É verdade que o argumento nunca chega a explorar as outras mulheres do gangue como a dupla protagonista, que as muito faladas presenças de Cardi B e Lizzo são pouco mais do que cameos e que uma das últimas aliadas do golpe, de tão destrambelhada, torna a acção inverosímil em algumas sequências. Mas não deixa de estar aqui uma boa surpresa, e com mais rasgo do que muita produção mainstream norte-americana dos últimos meses.
3/5
"PARASITAS", de Bong Joon-ho: O que é admirável no novo filme do cineasta sul-coreano nem é tanto a mistura de géneros, aliás já habitual na obra do autor de "Expresso do Amanhã" ou "The Host - A Criatura", mas a mestria com que é desenvolvida numa das suas obras mais memoráveis. E também uma das melhores do ano, ao partir de duas famílias de Seul com origens sociais bem diferentes que o destino (e alguma chico-espertice do clã mais humilde) se encarregará de entrecruzar.
A viagem entre a comédia negra e o thriller, com desvios ocasionais pelo terror (sangrento q.b., fica o aviso), segue num sentido a milhas da contenção de "Shoplifters: Uma Família de Pequenos Ladrões", de Hirokazu Koreeda, outro olhar recente sobre uma família asiática empobrecida que fugia aos caminhos mais óbvios do realismo social. Ao longo de mais de duas horas, Bong Joon-ho não perde a mão e consegue ir surpreendendo até o espectador mais habituado às reviravoltas que os seus filmes costumam servir.

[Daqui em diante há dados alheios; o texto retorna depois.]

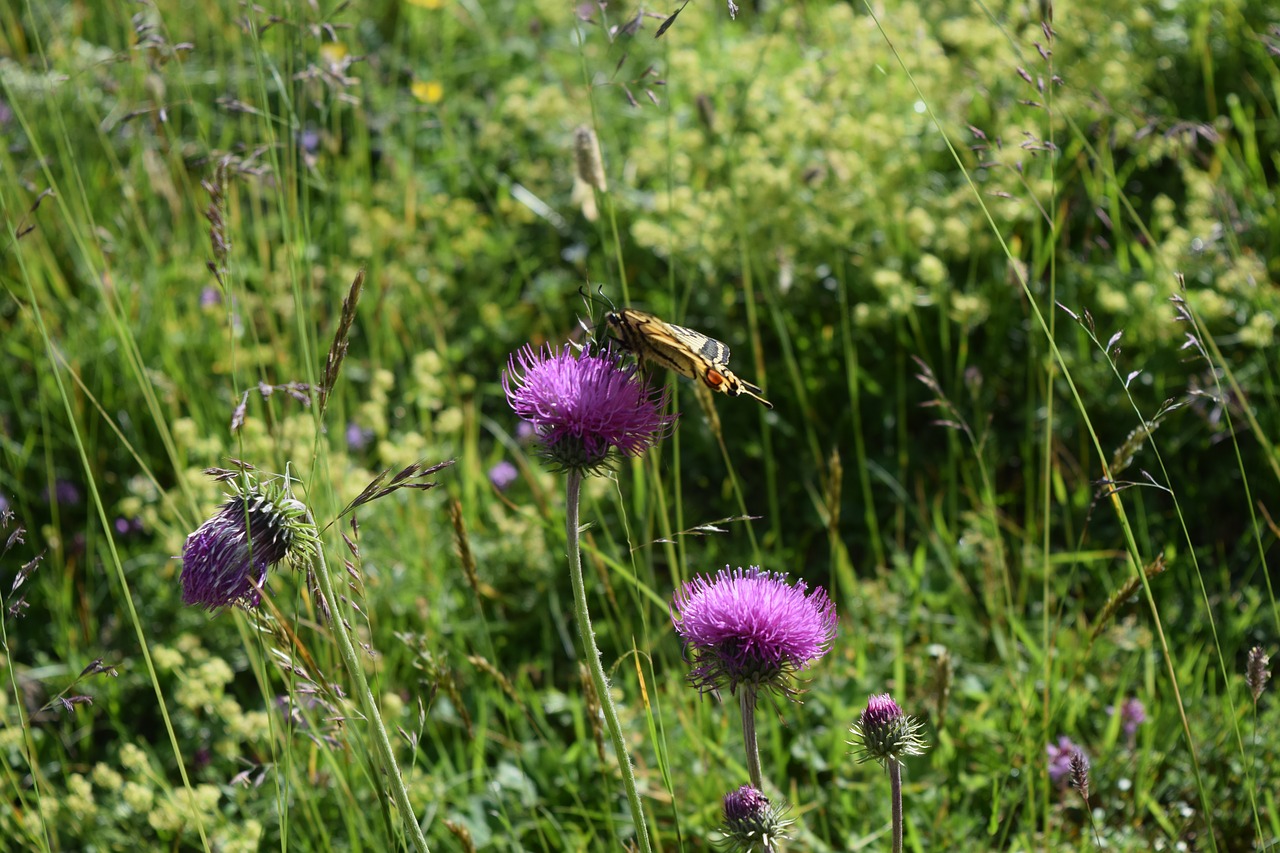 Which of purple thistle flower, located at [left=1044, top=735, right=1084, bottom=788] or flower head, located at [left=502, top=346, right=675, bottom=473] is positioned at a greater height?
flower head, located at [left=502, top=346, right=675, bottom=473]

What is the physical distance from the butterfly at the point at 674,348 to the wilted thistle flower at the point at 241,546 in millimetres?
542

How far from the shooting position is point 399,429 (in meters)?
4.00

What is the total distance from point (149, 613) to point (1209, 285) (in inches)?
132

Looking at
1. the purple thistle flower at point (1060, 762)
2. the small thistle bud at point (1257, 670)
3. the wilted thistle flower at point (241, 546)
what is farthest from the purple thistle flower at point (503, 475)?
the small thistle bud at point (1257, 670)

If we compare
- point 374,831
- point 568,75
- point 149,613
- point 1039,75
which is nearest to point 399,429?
point 149,613

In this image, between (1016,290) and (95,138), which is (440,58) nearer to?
(95,138)

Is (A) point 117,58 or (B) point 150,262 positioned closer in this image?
(A) point 117,58

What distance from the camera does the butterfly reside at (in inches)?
64.4

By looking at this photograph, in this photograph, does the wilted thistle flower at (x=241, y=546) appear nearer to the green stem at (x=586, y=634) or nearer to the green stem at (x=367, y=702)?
the green stem at (x=367, y=702)

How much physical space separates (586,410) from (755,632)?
0.42 meters

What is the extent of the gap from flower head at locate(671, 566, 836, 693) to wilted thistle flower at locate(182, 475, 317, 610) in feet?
1.90

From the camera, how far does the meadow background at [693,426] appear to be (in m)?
2.50

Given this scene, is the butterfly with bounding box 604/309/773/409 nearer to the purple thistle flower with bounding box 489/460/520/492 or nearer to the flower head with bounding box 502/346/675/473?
the flower head with bounding box 502/346/675/473

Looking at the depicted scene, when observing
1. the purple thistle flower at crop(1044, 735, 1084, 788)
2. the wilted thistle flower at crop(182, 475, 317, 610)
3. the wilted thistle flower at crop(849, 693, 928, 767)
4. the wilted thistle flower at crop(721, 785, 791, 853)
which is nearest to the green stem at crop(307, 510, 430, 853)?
the wilted thistle flower at crop(182, 475, 317, 610) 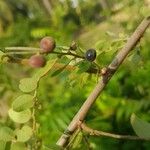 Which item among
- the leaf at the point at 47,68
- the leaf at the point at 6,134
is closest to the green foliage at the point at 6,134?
the leaf at the point at 6,134

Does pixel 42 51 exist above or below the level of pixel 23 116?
above

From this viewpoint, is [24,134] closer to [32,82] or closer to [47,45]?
[32,82]

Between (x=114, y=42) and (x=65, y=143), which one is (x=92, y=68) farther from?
(x=114, y=42)

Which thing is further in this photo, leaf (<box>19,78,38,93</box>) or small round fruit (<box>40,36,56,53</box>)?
leaf (<box>19,78,38,93</box>)

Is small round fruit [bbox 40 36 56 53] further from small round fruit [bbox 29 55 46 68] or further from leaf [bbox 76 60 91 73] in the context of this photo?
leaf [bbox 76 60 91 73]

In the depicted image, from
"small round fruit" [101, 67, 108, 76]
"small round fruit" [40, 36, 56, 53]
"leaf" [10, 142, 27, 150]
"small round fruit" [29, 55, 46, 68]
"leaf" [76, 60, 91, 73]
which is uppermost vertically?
"small round fruit" [40, 36, 56, 53]

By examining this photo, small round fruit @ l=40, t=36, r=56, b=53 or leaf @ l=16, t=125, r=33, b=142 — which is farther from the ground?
small round fruit @ l=40, t=36, r=56, b=53

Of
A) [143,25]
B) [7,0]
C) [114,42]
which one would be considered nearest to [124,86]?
[114,42]

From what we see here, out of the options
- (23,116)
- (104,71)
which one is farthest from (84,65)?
(23,116)

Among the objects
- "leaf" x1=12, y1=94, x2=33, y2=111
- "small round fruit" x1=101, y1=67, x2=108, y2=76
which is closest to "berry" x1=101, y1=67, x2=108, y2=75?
"small round fruit" x1=101, y1=67, x2=108, y2=76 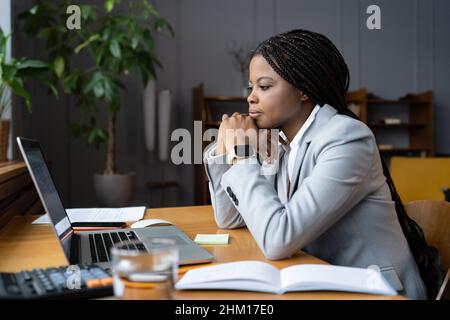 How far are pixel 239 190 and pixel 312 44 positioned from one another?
493 mm

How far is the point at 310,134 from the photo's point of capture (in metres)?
1.26

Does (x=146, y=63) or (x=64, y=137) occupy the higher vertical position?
(x=146, y=63)

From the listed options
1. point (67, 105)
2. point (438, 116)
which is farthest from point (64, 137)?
point (438, 116)

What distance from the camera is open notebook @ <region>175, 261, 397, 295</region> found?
0.78 meters

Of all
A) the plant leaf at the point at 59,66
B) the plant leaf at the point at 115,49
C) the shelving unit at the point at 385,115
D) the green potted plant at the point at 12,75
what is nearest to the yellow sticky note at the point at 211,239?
the green potted plant at the point at 12,75

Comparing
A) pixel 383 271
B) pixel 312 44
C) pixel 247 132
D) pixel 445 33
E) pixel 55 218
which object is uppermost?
pixel 445 33

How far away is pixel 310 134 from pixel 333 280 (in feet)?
1.80

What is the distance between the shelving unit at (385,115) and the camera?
4.61 metres

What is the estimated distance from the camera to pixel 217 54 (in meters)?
4.89

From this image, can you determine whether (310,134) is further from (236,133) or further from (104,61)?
(104,61)

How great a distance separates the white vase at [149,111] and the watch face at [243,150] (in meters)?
3.16

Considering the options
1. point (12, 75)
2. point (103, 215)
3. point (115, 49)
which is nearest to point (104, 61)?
point (115, 49)

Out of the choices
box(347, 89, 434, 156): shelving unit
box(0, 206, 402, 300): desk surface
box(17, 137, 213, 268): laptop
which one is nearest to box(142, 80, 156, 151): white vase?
box(347, 89, 434, 156): shelving unit

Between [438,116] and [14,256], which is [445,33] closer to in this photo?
[438,116] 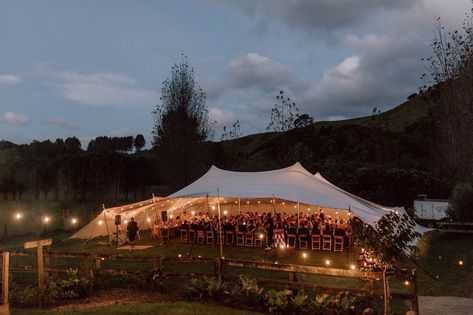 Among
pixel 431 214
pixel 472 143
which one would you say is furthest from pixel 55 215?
pixel 472 143

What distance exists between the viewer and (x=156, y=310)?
311 inches

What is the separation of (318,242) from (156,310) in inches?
361

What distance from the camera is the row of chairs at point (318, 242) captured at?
1579 centimetres

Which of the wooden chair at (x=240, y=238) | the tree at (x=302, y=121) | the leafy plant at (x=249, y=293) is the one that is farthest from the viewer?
the tree at (x=302, y=121)

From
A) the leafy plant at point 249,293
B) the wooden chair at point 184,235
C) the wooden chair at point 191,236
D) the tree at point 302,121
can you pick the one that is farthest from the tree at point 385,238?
the tree at point 302,121

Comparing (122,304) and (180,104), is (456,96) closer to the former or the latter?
(180,104)

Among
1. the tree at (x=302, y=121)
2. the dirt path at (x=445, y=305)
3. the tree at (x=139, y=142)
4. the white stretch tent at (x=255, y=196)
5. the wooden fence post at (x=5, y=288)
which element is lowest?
the dirt path at (x=445, y=305)

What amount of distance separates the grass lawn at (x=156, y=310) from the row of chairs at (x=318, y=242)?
27.0 ft

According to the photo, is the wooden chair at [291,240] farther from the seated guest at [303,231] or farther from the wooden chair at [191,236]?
the wooden chair at [191,236]

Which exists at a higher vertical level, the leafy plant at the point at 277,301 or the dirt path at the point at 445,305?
the leafy plant at the point at 277,301

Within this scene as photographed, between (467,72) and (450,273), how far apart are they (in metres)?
22.4

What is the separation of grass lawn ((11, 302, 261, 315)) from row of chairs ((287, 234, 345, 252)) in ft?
27.0

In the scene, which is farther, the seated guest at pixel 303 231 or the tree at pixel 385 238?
the seated guest at pixel 303 231

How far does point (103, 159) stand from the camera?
139ft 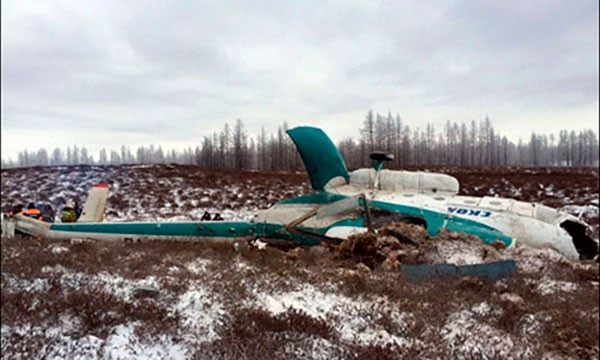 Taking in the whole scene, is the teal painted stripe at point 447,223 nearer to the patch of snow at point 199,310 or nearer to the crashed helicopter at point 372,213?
the crashed helicopter at point 372,213

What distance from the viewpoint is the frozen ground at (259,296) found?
228cm

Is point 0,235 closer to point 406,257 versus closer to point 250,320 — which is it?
point 250,320

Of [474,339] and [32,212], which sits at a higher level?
[32,212]

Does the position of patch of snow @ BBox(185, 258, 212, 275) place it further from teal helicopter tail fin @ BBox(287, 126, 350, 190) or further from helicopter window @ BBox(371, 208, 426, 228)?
helicopter window @ BBox(371, 208, 426, 228)

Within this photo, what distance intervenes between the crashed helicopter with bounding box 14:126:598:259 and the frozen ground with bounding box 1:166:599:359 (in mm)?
119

O resultado é tão lúdico como angustiante, entretenimento de topo e capaz de agradar a vários públicos sem perder de vista a capacidade de observação sobre o fosso económico da capital da Coreia do Sul - e não muito diferente do de outras metrópoles. "PARASITAS" pode até nem dizer nada de novo, mas têm surgido poucos filmes tão engenhosos e contundentes, que revelem um cineasta tão hábil na manipulação do espectador, recompensando-o com uma experiência que vai muito além de um exercício de estilo.
Abrilhantando por um elenco sem falhas e uma direcção artística à altura (a casa na qual decorre a maior parte da acção é todo um novo mundo por explorar), ainda consegue dar tempo e espaço e todas as personagens (e são muitas), motores de um conflito mais ambivalente do que aquele que o arranque sugere. Uma das estreias imperdíveis de 2019, portanto, e das mais desconcertantes.